I’ve had a few questions about subscribing to the new blog via bloglines. As far as I can tell, the best way is to search for the URL, which is: www.wbnm.typepad.com/pomogo.
Hope to see you over there!
Writer. Editor. Teacher. Maker.
I’ve had a few questions about subscribing to the new blog via bloglines. As far as I can tell, the best way is to search for the URL, which is: www.wbnm.typepad.com/pomogo.
Hope to see you over there!
My first Project Spectrum items: Umbilical Cord baby hat and an Itty Bitty Bear from Summer ’05 IK. Both knit on US 7s in Sundae Swirl from Plymouth Yarns.

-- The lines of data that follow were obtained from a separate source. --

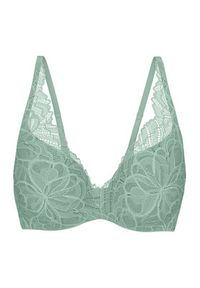 Triumph Biustonosz z fiszbiną Illusion 10219710 Zielony. Kolor: zielony. Materiał: syntetyk #2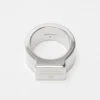Logo engraved signet ring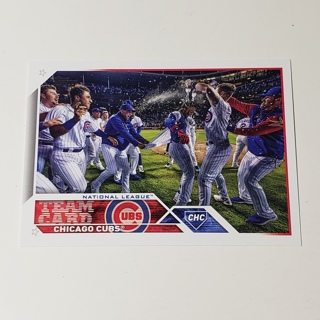 2023 Topps #220 Team Card Chicago Cubs L019
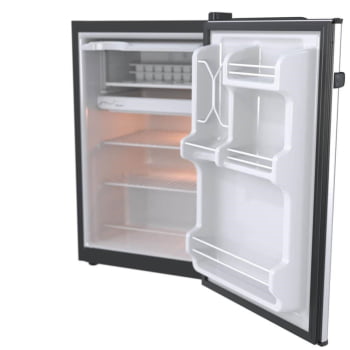 Refrigerador Frigobar Venax Com 2 Prateleiras Fixas 82 L NGV 10 Inox 220v 7170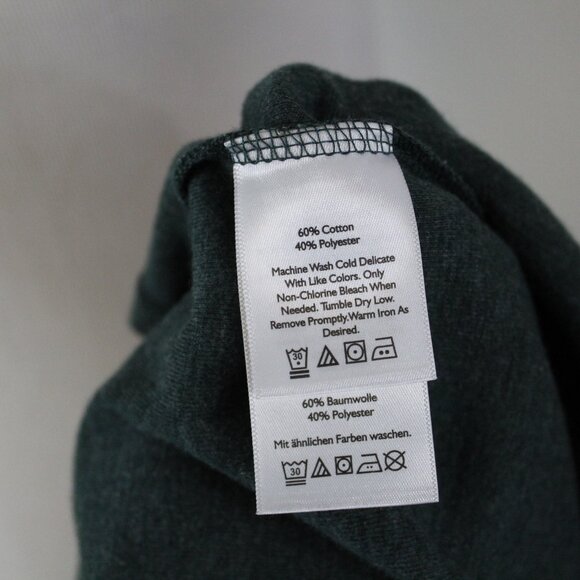 Eddie Bauer Evergreen Long Sleeve Tee Size Small Stretch Cotton Blend Fall Basic - Picture 10 of 11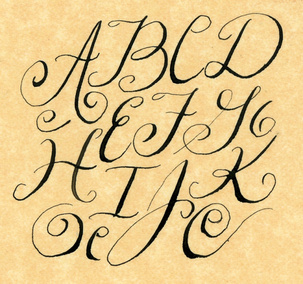 Calligraphy Fancy Letters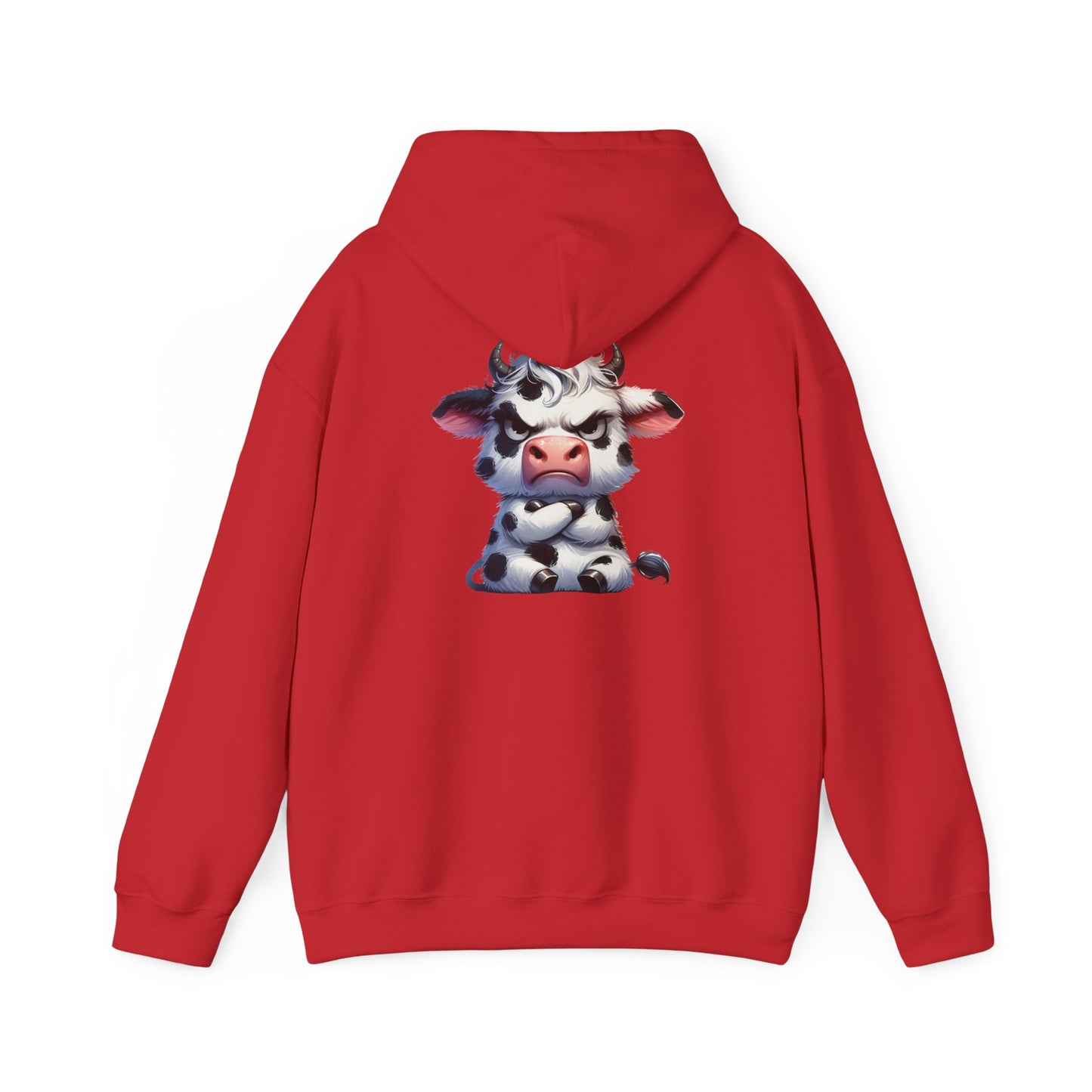 Cute Cow Graphic Hoodie, Cozy Sweatshirt for Animal Lovers, Perfect Gift for Birthdays, Farm-Themed Apparel, Unisex Fashion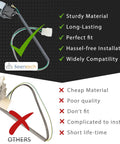 Washer Door Lid Switch Replacement 3949238 For Whirlpool And Kenmore Washers Exact Fit Easy Install Fixes Draining Problems Not Starting Not Spinning Or Agitating Replaces WP3949238 WP3949238VP AP6008880 PS11742021 AP3100001 PS350431 washer lid switch with wire harness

The bear took no time at all; I may have to start a collection of them! These will both join the poodle onesie I embroidered in February using a Sublime Stitching pattern.
Be sure to check out Carole’s Project Spectrum buttons–I posted my favorite on the sidebar. My other P.S. March projects include the postcard swap (thanks, Kathy! Loved yours!), an apron for Scout, and my skirt for Sew?I knit.
Major Knitter has a March Madness contest going. Go check it out, sock knitters, and then send some scraps and stash along to help her out. I’ve got a few skeins of Knitpicks yarn that I bought thinking I’d like to make gauntlets. I made one and have not finished the second, so I’m sending all those single skeins on over. I had thought to buy second skeins to make socks, but decided this is a better cause.
Good morning (ok, it’s Saturday night, but I may not have time to post in the a.m.), lovies. Per Knitting Interrupted, I’m posting a few views of my backyard. I live in a spacious townhouse (hey, I had 650 square feet in NY. Spacious is relative), but my favorite part is my backyard, with a tree. No biggy, you think? Well, in NM, to an East Coast girl, a tree is worthy of note. When I bought this place, Maddie was living with me still, and it was important to me that she have a fun, safe place to chase balls, dig in the dirt (I know, bad me to allow that), and hang in the shade while I read or corrected papers. When we moved in, though, it was just a big rectangle of dirt with the tree. Last spring was really rainy for Albuquerque, so we had a big mud pit with a tree. My floors are brick, so it was easy to clean up after my muddy-pawed girl. Neal took pity on me though. He transformed the mud pit into my little slice of green joy. I adore my back yard.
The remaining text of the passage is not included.